** Opening The data block **

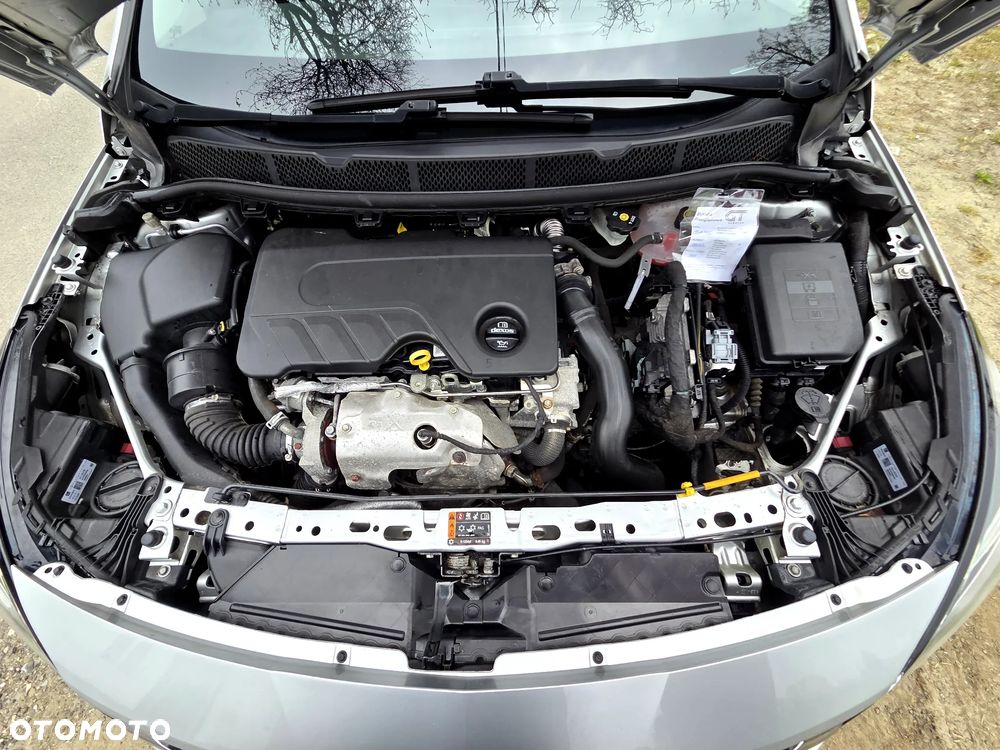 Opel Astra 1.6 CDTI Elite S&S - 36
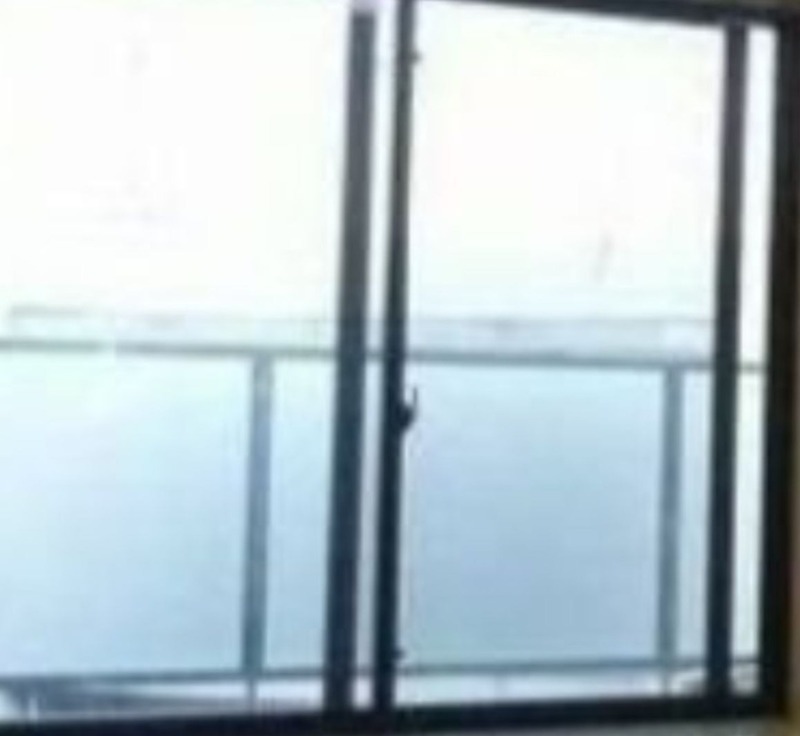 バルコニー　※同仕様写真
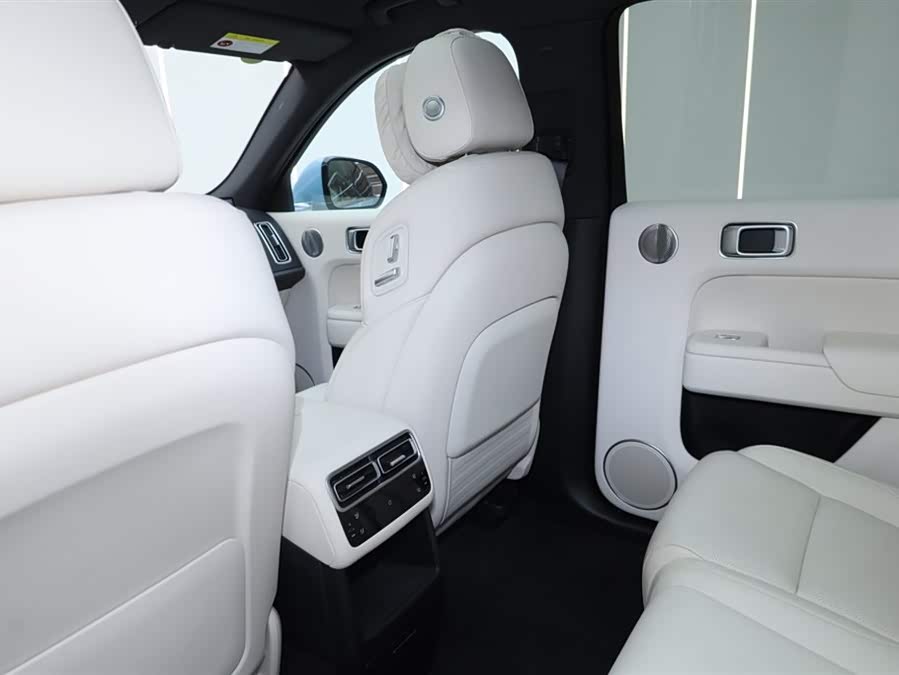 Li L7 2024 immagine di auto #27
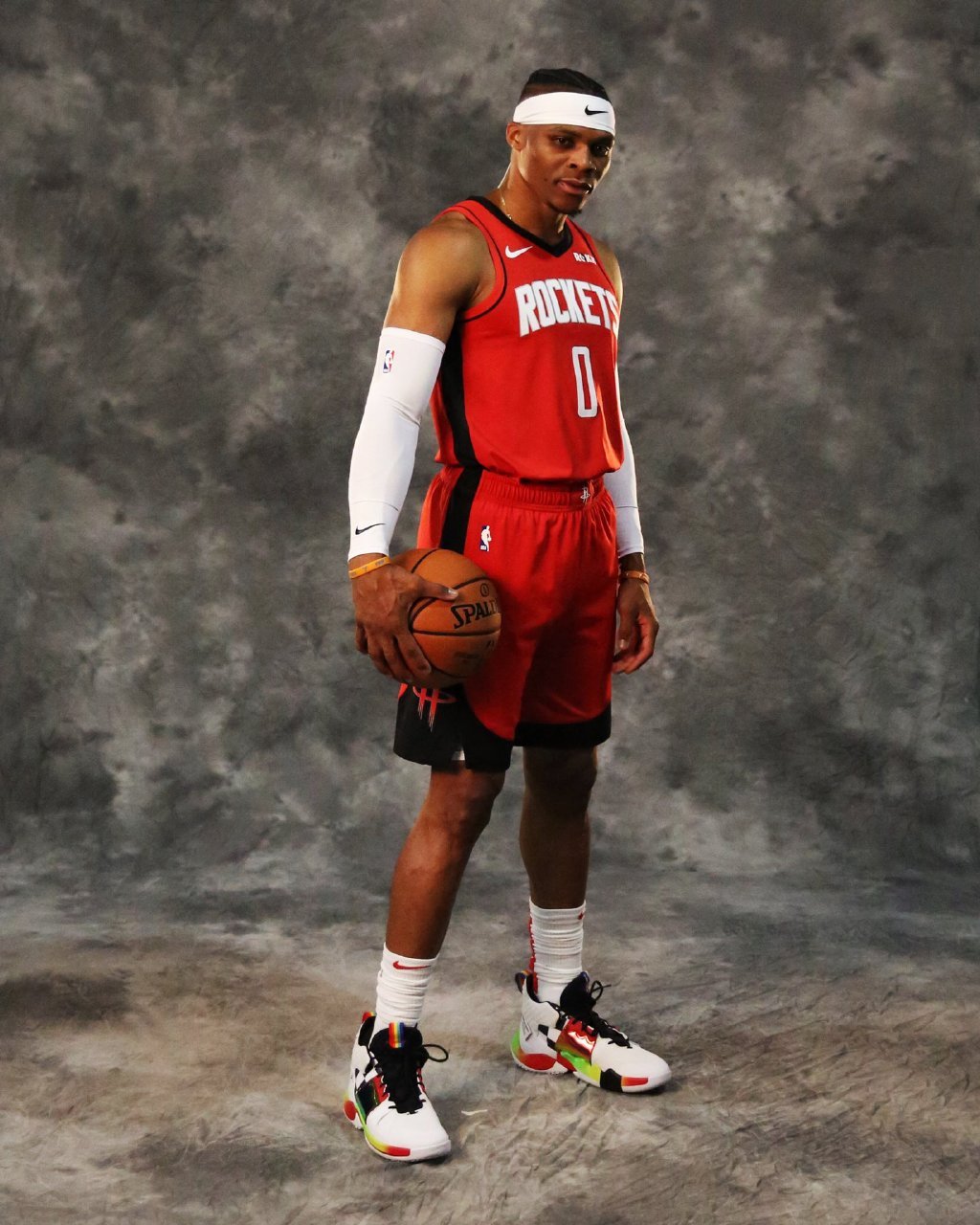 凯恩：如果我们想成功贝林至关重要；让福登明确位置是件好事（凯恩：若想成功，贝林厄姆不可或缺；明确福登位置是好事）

** Closing The data block **
** Opening The data block **

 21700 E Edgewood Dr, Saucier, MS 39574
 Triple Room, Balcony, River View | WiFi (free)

** Closing The data block **

Your reply is to be an exact repeat of the listing above from the line holding "Opel Astra 1.6 CDTI Elite S&S - 36" down to the line holding "凯恩：如果我们想成功贝林至关", ends included, pictures excluded.

 Opel Astra 1.6 CDTI Elite S&S - 36
 バルコニー　※同仕様写真
 Li L7 2024 immagine di auto #27
 凯恩：如果我们想成功贝林至关重要；让福登明确位置是件好事（凯恩：若想成功，贝林厄姆不可或缺；明确福登位置是好事）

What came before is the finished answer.